The edge behind Market Sentiment – Part 1

This will be the first part in a series of posts dedicated to exploring and explaining the edge behind the market sentiment tool.  The market sentiment tool is designed to help traders understand and predict market trends and future moves (and volatility).

Market Sentiment
Market Sentiment

We created the widget from a combination of quantitative systems that show edge when trading in the market. We use systems that capture different mechanics in the market so as to avoid Multicollinearity .

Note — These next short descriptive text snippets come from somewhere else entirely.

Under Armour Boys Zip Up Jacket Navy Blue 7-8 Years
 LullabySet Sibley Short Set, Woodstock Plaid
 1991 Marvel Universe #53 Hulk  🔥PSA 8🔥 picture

The first model is The Relative Strength model: 

Relative strength, like the name suggests, measures the return of one asset against another asset. This way we can “eliminate noise” and try to isolate the variable we are looking for. In his book – Technical Analysis: Power Tools for Active Investors – Gerald Appel suggest to look at small stocks (riskier stocks) performance v. larger cap stocks (less risky). We do it in order to gauge the market “appetite” to risk. If riskier stocks outperform less-risky stocks – the market is predicted to move higher as there is an appetite for risk, and vice versa – It is a bearish signal if less risky stocks are out-performing. Notice that comparing 2 assets allowss us to “cancel” the trend in order to “focus” on risk appetite.

In this model we use SPX (S&P 500) to measure the “safe” stocks and the Nasdaq (IXIC) to measure the riskier stocks. We calculate a ratio by dividing the Nasdaq / SP500 and create a 10-week average. If the current ratio is above the average – it’s a bullish sign, and under is a bearish sign.

The following chart describes the p/l of the Risk model v. Buy&Hold, from Jan 1994 till Dec 2014:

Risk Model VS. B&H - Option Samura
Risk Model VS. B&H

We can see over the last 21 years the model out-performed B&H with less time in the market + less volatility and draw down. However we can see a really long period (up to 2000) where the model under performed.

Risk model - Results table - Option Samurai
Risk model – Results table

In conclusion: This model can help us better assess the market sentiment and help us gain an edge trading in market. In the next parts, I will describe more quantitative logics that compile the market sentiment widget.